- **Work item**
Records follow. Print exactly the lines from the one that has "Intelligent Guided Tests" through the one that has "A couple things", inclusive, and omit the pictures.

- **The records**
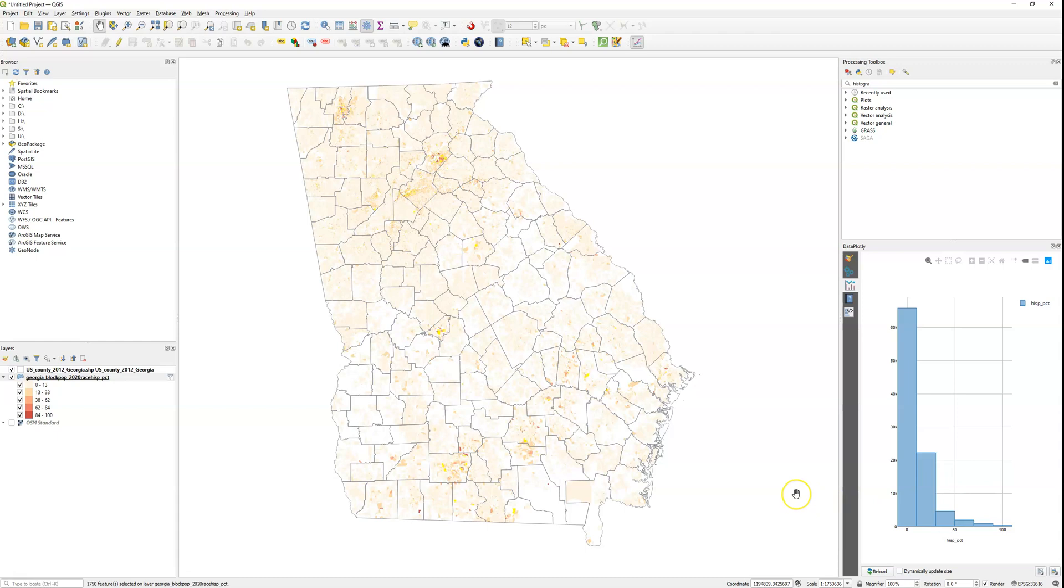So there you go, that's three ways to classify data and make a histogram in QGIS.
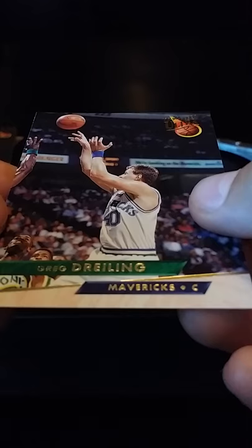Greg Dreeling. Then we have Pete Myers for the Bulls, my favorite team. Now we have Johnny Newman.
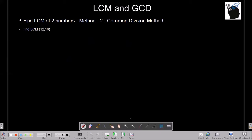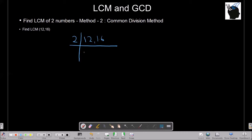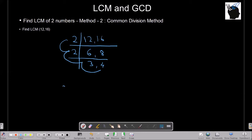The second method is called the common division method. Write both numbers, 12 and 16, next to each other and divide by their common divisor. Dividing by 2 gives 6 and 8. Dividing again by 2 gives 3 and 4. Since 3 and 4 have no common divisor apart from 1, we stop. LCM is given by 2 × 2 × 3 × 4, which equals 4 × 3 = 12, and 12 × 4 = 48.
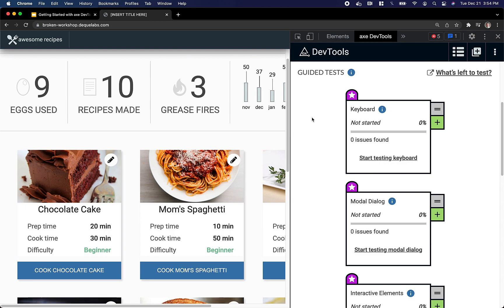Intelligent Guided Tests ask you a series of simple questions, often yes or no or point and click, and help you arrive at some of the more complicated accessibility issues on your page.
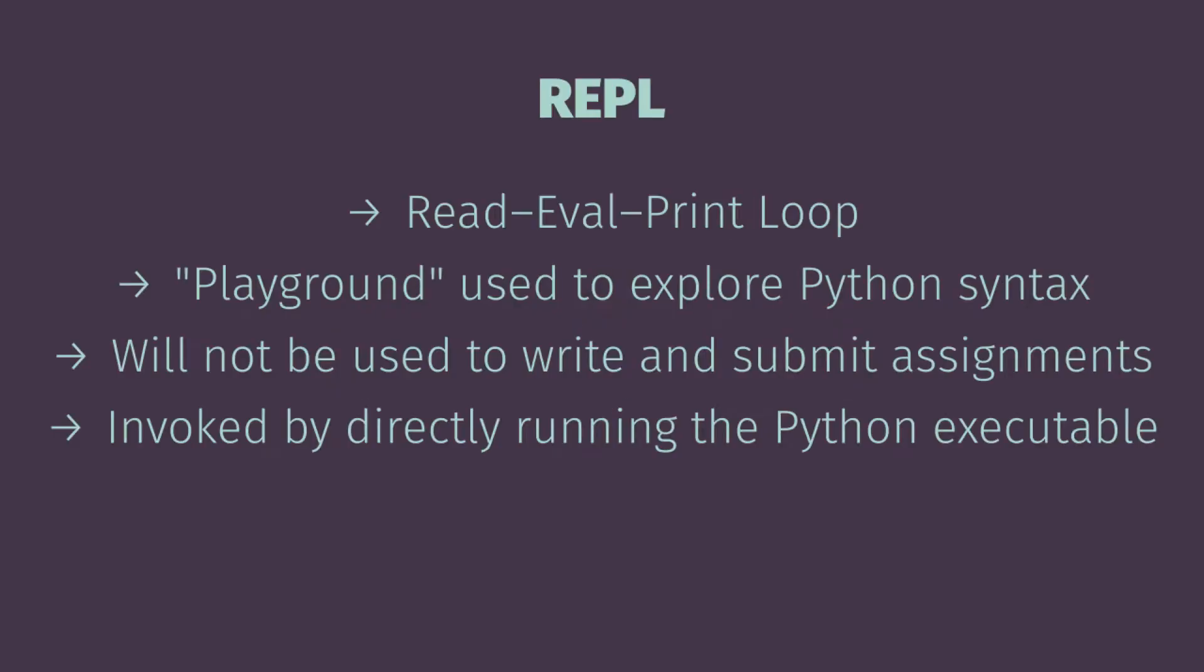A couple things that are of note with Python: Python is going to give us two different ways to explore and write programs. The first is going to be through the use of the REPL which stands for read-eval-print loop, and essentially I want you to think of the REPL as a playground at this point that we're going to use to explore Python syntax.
--
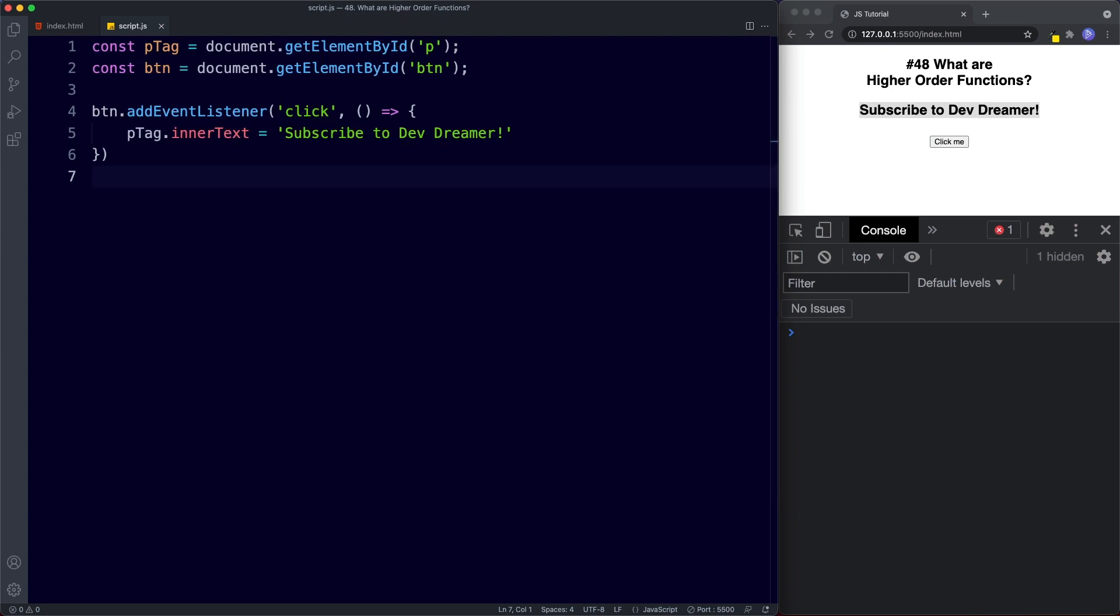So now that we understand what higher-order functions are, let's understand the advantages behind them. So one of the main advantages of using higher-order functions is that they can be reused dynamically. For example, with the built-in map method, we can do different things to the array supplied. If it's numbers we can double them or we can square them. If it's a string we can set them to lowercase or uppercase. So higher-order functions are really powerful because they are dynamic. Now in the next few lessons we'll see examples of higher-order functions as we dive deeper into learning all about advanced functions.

- **Answer for this exercise**
Intelligent Guided Tests ask you a series of simple questions, often yes or no or point and click, and help you arrive at some of the more complicated accessibility issues on your page.
A couple things that are of note with Python: Python is going to give us two different ways to explore and write programs. The first is going to be through the use of the REPL which stands for read-eval-print loop, and essentially I want you to think of the REPL as a playground at this point that we're going to use to explore Python syntax.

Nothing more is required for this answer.